From the ModuleFinder report we already knew this module was being imported, so we continue digging there:

from _sqlite3 import *

which, again, confirms what we already knew from the report. But, that’s all we find in this file, aside from a few class declarations that are nothing more than wrappers and dressing for the contents of _sqlite3. If we go fossicking about inside the source code for _sqlite3.so (which can be found under the Modules subdirectory of the Python source tree) we’ll find a very simple and typical Python extension module that wraps the functions found in the SQLITE3 library itself. This seems to be a bit of a dead end. We still don’t know where the actual location of the SQLITE3 library (i.e. libsqlite3.dylib) that the extension module is referencing. For this, we’ll need a different tool: the ctypes module.

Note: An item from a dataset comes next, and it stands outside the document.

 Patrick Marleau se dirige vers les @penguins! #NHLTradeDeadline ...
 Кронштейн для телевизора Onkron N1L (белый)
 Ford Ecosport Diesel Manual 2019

Ctypes let’s us load and easily access any dynamically linked library (DLL, .so, .dyld, etc) object and, in the case of function objects, call them from within python code. It also contains a very useful function called find_library that will … well … find shared libraries. It uses the environment’s *PATH variables the same way the dynamic linker would use them (i.e., searching these in the same order) for the specified library. So, we look for sqlite3:

from ctypes.util import find_library

find_library(‘sqlite3’)

and get:

/opt/local/lib/libsqlite3.dylib'

Looking at my DYLD_LIBRARY_PATH environment variable, I have only /opt/local/lib in the path. I can either replace the libsqlite3.dyld file in this directory with my own, modified version, or I can prepend this environment variable with the path where the modified library can be found:

export DYLD_LIBRARY_PATH="/home/nick/tryit/sqlite-3.6.23/.libs:$DYLD_LIBRARY_PATH"

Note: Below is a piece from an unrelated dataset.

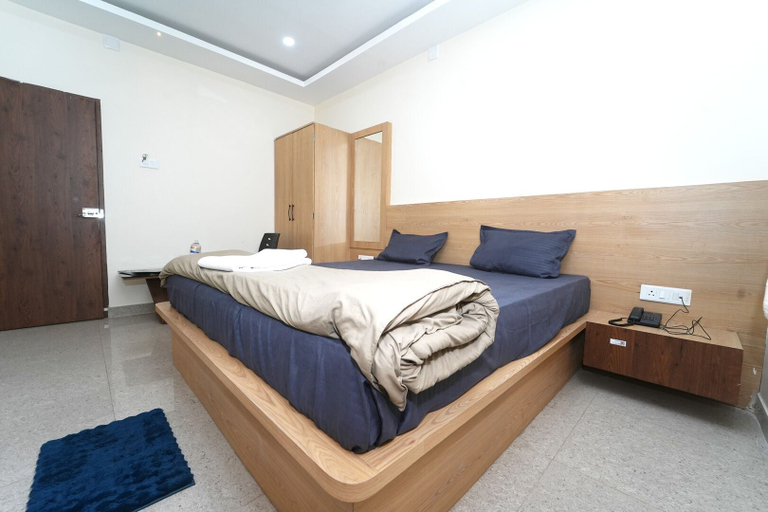 Room 5, Deepak Resort, Bhadrak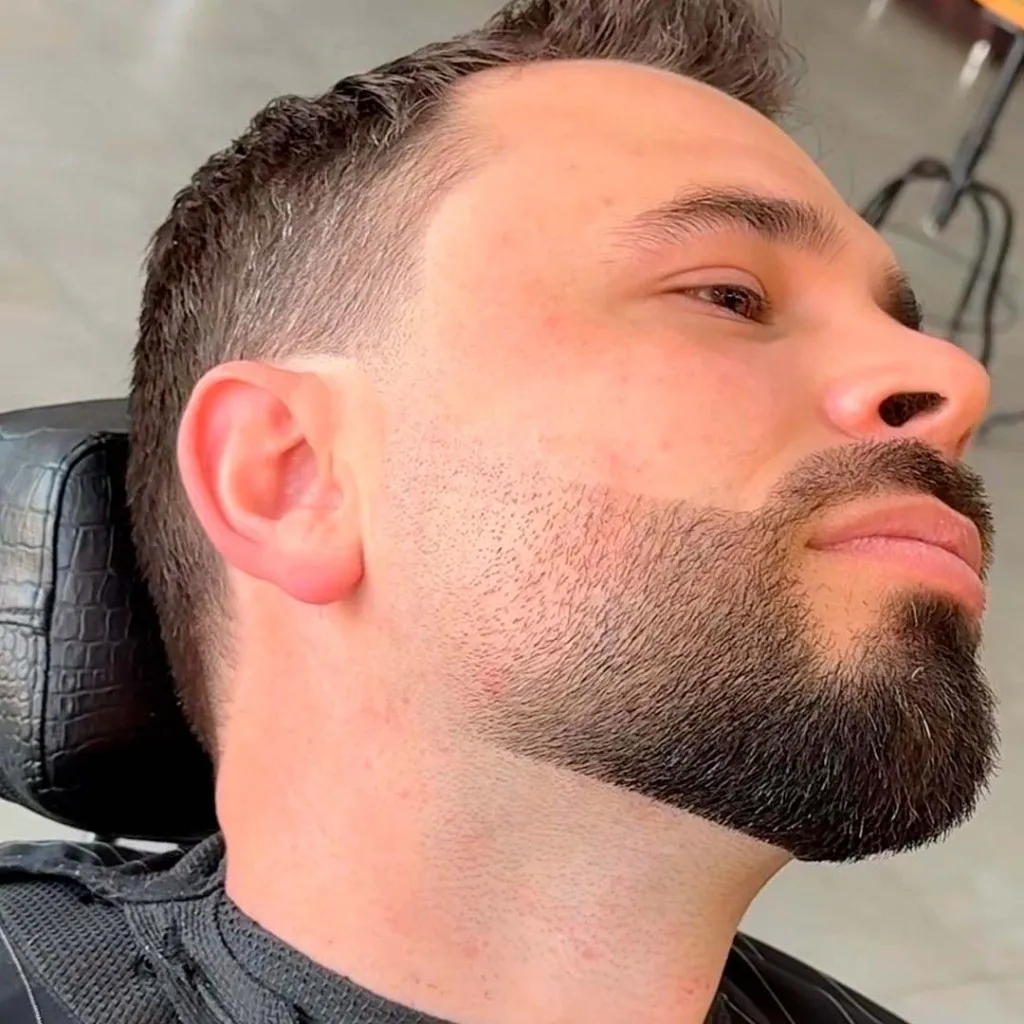 Perfilado de Barba - 1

and then use find_library as before

from ctypes.util import find_library

find_library(‘sqlite3’)

which yields

/home/nick/tryit/sqlite-3.6.23/.libs/libsqlite3.dylib

just as I’d expect.

Conclusions

There is always the temptation to automate processes such as these. I could have tied this all together into a nice neat little function that would take the module name as its argument and return the path, if any, of the associated dynamic library. If I were trying to develop a large scale code scanning tool, say, for doing a security audit of the code, I might do just that. Here, I just wanted to find out which of several possible dynamic libraries was being loaded by importing a single, particular module. A few lines of code are all that’s needed in this case. I’ll leave the fancier tool development to the intrepid reader. Right now, I have to go make some more coffee … before I get yelled at. (Again.)